Edanna cruzó a través de los pasillos pintados de cereza, volando en una carrera que traía consigo la urgencia inconfundible que reclama la supervivencia. Ya había cruzado decenas y decenas de puertas, a derecha e izquierda, cada una con un rostro diferente de rasgos femeninos grabados en sobre relieve sobre la madera oscura. Todo en los salones hablaba de la sinceridad de un final sin sentimentalismos. Cada rostro, definido e inconfundible el uno del otro te contaba oscuras historias de fracasos y finales despiadados.

laberinto-mudador2.jpg

-No tiene mal gusto en la decoración. – Se comentó a si misma mientras corría.

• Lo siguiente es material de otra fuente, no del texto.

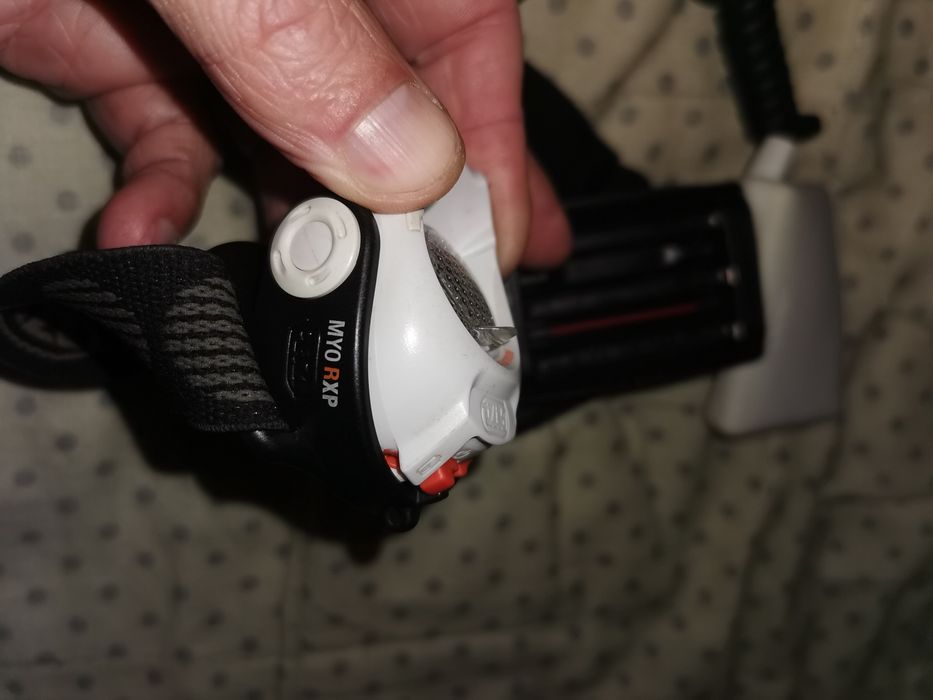 Petzl Myo Rxp lanternă frontală profesionala. Difuzoare Dynaudio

Tras la cena había comenzado la cacería. La casa del coleccionista parecía eterna en todas direcciones. Robustas estatuas de ébano, intrincados y laberínticos pasillos forrados de maderas preciosas con hermosos tallados. Alfombras suntuosas, mesillas de factura impecable, rococó, estilo y arte por todos los rincones.

Una lástima que toda la casa exhalara un olor nauseabundo, mareante y enfermizo. Como si la misma casa se descompusiese lentamente.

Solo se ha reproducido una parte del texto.